Z Anti znały się od dawna. Poznały się w pracy. Nie było można o nich powiedzieć, że są najlepszymi przyjaciółkami, ale też nie nienawidziły się. Pracowały razem w barze, a poza pracą często ze sobą pisały.
Kto? – odpisała Zoe.
Szybko dostała odpowiedź:
Hektor.
Świat jej się nagle zawalił. Wiedziała, że niedawny sen był złym znakiem. Nie spodziewała się, że aż tak. Nie sądziła, że jeszcze kiedykolwiek go spotka. Nie sądziła, że chłopak o ironio wybierze przypadkiem tę samą drogę, co ona. Przerażało ją to, co przyniosą kolejne dni.

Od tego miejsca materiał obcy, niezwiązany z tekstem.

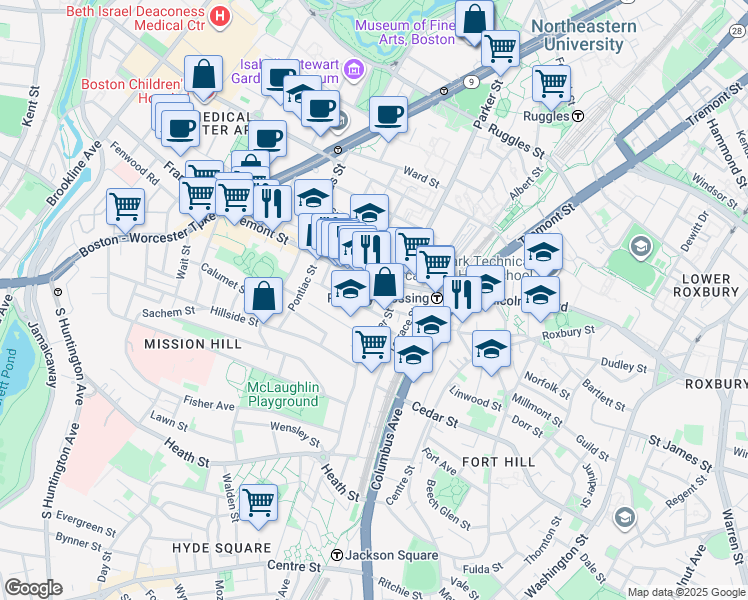 map of restaurants, bars, coffee shops, grocery stores, and more near in Boston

– Coś się stało? – zapytał Leon.
– Nie, nie – odpowiedziała, choć wiedziała, że to kłamstwo.
Nie chciała spotkać demonów swojej przeszłości. Poczuła się, jakby nagle jej życie rozpada się na milion kawałków.
To nie może się dziać... nie może... – myślała.